W sobotę razem z członkiniami i sympatyczkami olkuskiego koła Światowego Związku Żołnierzy Armii Krajowej miałam okazję przeprowadzić wywiad należący do kategorii tych, które na zawsze pozostaną w pamięci.  W słoneczne popołudnie odwiedziłyśmy prawdopodobnie ostatniego żyjącego dotąd w powiecie olkuskim weterana Polskich Sił Zbrojnych na Zachodzie Józefa Kowalika. Gdy weszłyśmy do jego domu, czekał na nas z już przygotowanym albumem ze zdjęciami oraz ekscytacją w oczach. Rozstawiłyśmy kamerę, włączyłyśmy nagrywanie i nieświadome tego, że za chwilę poznamy jeden z najciekawszych życiorysów, zamieniłyśmy się w słuch.

Pan Józef Kowalik urodził się w 1926 roku, a dzieciństwo spędził na Wołyniu. Po wybuchu wojny, na jego rodzinę spadły represje ze strony Sowietów: pewnego dnia o godzinie 4:00 nad ranem ich dom otoczyło wojsko, a rodzina Kowalików dostała 40 minut na spakowanie dobytku życia, po czym wpędzono ich do wagonu towarowego. Podróż w nieludzkich warunkach trwała około dwóch miesięcy. Na Syberii młody Józef, wraz z braćmi, pracował w tartaku. Były to dwa lata spędzone w głodzie, zimnie oraz wielkiej nędzy.

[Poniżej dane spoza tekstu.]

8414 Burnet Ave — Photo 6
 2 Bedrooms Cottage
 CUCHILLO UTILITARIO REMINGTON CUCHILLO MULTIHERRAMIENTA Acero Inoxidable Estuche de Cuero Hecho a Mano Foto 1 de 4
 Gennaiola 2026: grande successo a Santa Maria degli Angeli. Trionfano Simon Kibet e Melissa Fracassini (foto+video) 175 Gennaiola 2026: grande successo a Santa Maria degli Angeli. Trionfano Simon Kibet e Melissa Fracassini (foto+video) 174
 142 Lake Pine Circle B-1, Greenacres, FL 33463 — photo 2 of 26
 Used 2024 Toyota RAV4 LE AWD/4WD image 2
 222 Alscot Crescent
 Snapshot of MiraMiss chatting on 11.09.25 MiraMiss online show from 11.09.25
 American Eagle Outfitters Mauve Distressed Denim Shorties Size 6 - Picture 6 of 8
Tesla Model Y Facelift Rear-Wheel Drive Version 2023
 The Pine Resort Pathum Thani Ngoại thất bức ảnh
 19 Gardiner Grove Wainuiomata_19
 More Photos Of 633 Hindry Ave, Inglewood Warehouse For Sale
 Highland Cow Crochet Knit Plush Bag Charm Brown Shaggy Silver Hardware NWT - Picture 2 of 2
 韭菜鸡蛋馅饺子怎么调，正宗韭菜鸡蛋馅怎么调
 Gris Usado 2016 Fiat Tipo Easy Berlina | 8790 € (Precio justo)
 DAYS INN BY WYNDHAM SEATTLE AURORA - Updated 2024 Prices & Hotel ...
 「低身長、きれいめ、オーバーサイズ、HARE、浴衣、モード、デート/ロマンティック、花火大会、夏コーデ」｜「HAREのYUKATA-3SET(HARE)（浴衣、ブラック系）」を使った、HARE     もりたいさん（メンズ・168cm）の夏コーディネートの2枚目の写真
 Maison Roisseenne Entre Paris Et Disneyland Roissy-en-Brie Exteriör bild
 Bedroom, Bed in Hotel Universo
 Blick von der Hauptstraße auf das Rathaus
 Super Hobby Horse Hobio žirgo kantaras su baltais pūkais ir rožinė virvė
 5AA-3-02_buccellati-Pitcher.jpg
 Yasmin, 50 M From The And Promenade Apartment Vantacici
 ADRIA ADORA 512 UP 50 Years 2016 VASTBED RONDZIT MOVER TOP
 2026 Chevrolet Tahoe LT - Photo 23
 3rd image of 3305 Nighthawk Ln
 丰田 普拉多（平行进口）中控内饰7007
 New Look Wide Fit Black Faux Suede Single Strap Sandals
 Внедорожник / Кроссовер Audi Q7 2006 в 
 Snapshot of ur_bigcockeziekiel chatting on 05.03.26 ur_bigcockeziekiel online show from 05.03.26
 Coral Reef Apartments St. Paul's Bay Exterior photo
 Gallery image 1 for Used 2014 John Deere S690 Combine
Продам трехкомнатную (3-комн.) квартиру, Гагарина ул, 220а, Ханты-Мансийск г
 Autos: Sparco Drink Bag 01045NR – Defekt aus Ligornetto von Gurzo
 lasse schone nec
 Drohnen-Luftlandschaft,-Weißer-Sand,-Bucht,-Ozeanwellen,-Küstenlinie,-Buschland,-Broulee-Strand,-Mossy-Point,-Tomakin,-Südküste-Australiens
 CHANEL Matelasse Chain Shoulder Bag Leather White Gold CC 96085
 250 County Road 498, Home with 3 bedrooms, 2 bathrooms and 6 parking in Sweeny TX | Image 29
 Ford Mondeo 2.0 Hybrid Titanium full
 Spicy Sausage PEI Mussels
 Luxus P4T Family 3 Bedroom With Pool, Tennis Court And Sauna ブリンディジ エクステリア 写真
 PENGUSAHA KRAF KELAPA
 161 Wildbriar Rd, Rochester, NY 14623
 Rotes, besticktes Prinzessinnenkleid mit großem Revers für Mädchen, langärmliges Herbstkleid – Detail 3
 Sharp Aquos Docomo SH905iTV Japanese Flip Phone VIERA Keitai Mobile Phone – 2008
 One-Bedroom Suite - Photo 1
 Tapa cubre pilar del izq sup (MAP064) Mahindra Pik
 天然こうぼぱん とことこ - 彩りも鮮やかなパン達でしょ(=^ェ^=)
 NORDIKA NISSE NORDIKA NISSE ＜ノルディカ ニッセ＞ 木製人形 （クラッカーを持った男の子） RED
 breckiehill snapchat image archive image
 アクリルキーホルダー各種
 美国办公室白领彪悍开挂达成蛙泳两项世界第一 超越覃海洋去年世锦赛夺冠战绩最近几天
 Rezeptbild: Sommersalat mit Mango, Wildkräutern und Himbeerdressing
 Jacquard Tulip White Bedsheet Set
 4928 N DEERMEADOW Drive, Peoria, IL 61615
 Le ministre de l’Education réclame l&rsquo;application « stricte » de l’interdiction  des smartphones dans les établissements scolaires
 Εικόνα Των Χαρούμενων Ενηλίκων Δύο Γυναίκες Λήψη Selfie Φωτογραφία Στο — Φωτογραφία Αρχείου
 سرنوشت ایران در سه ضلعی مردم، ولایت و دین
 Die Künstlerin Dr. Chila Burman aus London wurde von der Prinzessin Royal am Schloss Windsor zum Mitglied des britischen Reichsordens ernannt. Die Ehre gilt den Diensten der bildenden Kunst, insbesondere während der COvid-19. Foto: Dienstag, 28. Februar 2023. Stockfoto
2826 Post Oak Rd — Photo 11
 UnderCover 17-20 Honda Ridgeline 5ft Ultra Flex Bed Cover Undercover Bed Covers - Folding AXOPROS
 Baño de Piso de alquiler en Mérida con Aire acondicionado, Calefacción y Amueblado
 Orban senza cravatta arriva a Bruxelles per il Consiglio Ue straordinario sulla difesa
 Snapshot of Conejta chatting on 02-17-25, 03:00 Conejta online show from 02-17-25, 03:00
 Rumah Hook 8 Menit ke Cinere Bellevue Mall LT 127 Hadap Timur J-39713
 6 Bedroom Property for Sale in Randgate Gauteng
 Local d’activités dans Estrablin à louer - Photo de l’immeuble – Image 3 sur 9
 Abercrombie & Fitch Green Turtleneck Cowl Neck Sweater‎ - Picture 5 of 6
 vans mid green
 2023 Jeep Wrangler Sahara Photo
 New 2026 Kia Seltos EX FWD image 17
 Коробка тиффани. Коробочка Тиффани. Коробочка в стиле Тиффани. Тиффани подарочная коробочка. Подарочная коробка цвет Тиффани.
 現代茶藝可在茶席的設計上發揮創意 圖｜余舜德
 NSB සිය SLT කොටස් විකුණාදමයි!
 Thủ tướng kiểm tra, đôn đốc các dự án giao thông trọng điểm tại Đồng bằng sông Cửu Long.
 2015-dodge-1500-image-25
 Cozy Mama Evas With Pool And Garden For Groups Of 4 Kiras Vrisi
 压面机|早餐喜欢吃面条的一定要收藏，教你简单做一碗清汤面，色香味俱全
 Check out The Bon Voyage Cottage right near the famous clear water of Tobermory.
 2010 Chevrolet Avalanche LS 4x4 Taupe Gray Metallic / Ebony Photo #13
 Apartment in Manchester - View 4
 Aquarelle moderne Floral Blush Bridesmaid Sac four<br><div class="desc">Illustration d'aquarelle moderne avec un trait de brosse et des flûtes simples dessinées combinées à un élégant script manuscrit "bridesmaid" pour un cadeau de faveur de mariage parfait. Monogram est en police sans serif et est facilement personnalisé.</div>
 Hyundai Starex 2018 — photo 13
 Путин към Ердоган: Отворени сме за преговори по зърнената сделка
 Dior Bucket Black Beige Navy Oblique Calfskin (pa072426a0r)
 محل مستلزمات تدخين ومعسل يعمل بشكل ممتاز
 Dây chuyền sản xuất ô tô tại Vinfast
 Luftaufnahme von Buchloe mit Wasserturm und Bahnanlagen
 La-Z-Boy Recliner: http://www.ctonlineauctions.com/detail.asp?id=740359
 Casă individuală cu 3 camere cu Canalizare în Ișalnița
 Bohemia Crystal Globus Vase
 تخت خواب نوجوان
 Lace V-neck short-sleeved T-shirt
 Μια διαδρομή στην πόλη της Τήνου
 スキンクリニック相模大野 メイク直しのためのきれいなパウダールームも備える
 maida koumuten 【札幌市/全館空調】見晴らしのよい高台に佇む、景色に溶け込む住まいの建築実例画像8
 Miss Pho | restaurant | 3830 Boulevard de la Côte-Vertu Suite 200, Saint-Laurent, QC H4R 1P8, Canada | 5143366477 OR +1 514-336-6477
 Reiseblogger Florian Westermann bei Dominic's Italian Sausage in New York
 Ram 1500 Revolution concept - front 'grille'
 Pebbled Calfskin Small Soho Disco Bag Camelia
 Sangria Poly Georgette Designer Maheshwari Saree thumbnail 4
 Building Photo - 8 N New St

W 1942, już po ataku Rzeszy na Związek Radziecki, pan Józef i jego bracia mogli nareszcie opuścić miejsce zesłania. W tym czasie formowano także Armię Andersa: „Cywile organizowali się blisko wojska, które dzieliło się jedzeniem. To straszne jak tam ludzie głodowali i chorowali” – wspomina nasz rozmówca. Pan Józef przebył długą drogę (w czasie której m.in. przeszedł malarię) przez Uzbekistan, Iran, Irak, Palestynę oraz Liban, aż do Heliopolis koło Kairu, gdzie został Junakiem w Lotniczej Szkole Technicznej dla Małoletnich. Tak rozpoczęła się również jego służba w Polskich Siłach Powietrznych: „W szkole panowała surowa dyscyplina. Otrzymałem tam fachowe wykształcenie, zostając mechanikiem samolotów. Był to dla mnie bardzo szczęśliwy czas, po tym wszystkim, co przeszedłem na Syberii. Blisko szkoły było metro, więc w wolne dni jeździliśmy do Kairu. Dwa razy wyszedłem na piramidę Cheopsa”. Zachowało się nawet zdjęcie młodego Józefa Kowalika z kolegami ze szkoły lotniczej przed tą ikoniczną piramidą. Jego starsi bracia walczyli z kolei na froncie, jeden z nich zginął pod Monte Cassino. Po odbytej służbie w 1945 roku, nasz rozmówca wyjechał do Stanów Zjednoczonych, regularnie odwiedzając jednak Polskę.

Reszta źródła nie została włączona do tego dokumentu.